Records for the exercise Block Start
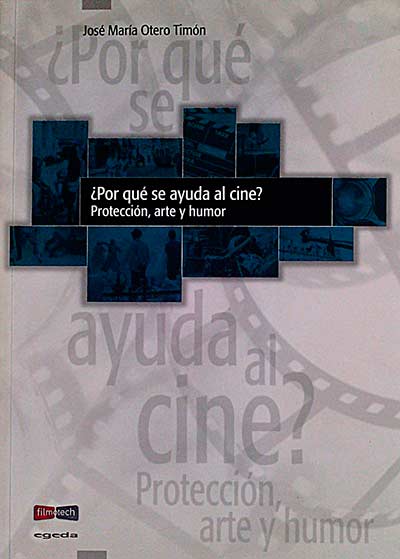 ¿Por qué se ayuda en el cine? Protección, arte y humor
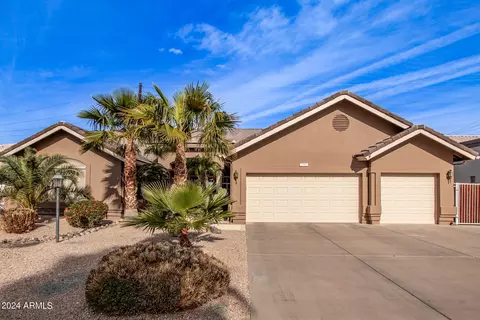 2306 E Nora St, Mesa, AZ 85213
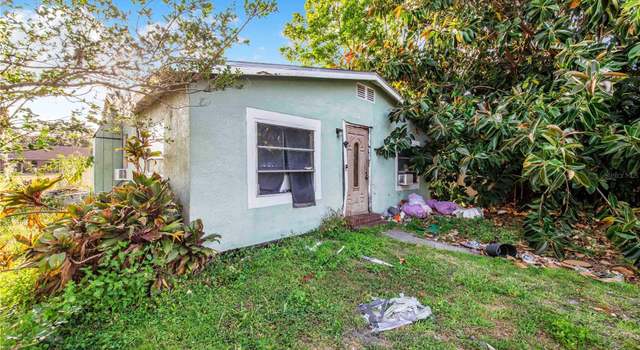 Photo of 117 SW 3rd Ave, Mulberry, FL 33860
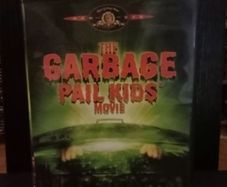 The Garbage Pail Kids Movie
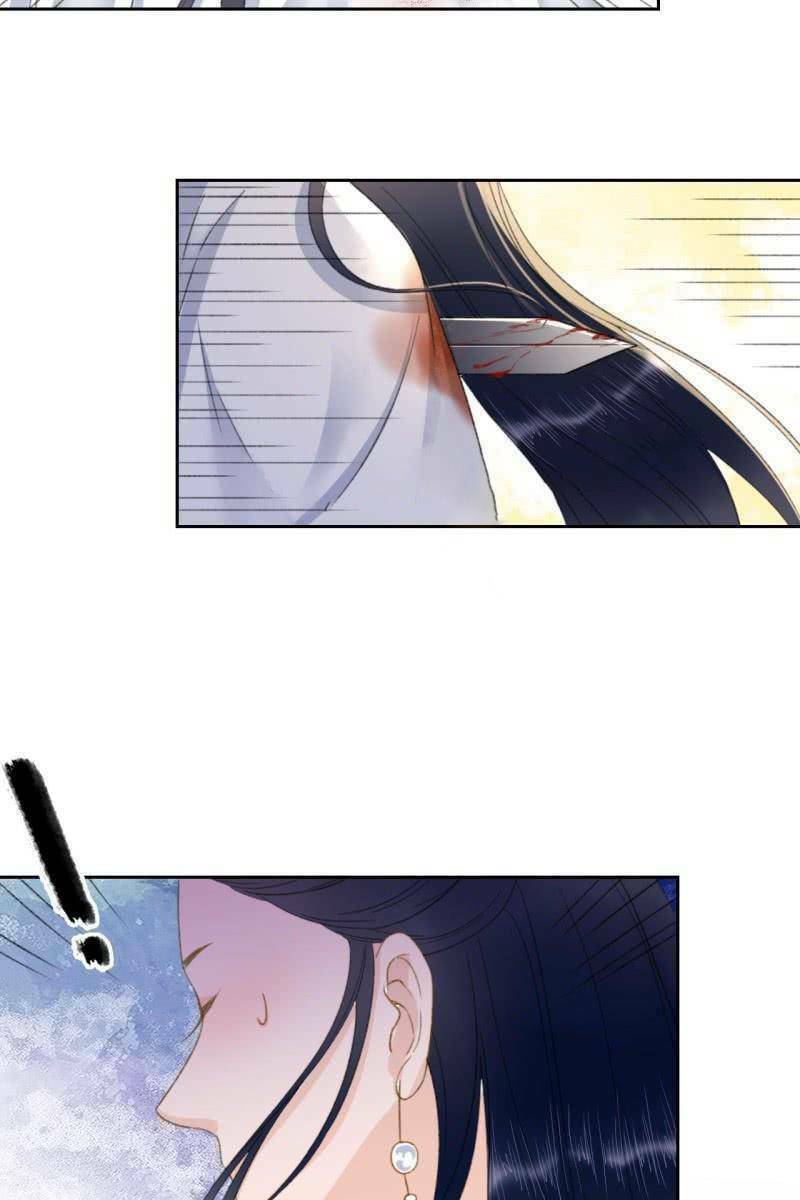 sủng phi của vương chapter 168 14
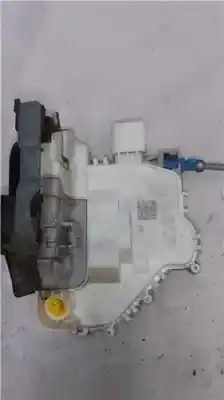 İkinci el araba yedek parçası sol ön kapi kilidi için audi a3 sedán (8vm) (04.2016->) 1.6 30 tdi s line [1.6 ltr. - 85 kw tdi] oem iam referansları 8x1837015c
Records for the exercise Block End
In the records above, find the line containing "The Garbage Pail Kids Movie", then write out exactly that line and every later one through the last, omitting pictures.

[Result]
 The Garbage Pail Kids Movie
 sủng phi của vương chapter 168 14
 İkinci el araba yedek parçası sol ön kapi kilidi için audi a3 sedán (8vm) (04.2016->) 1.6 30 tdi s line [1.6 ltr. - 85 kw tdi] oem iam referansları 8x1837015c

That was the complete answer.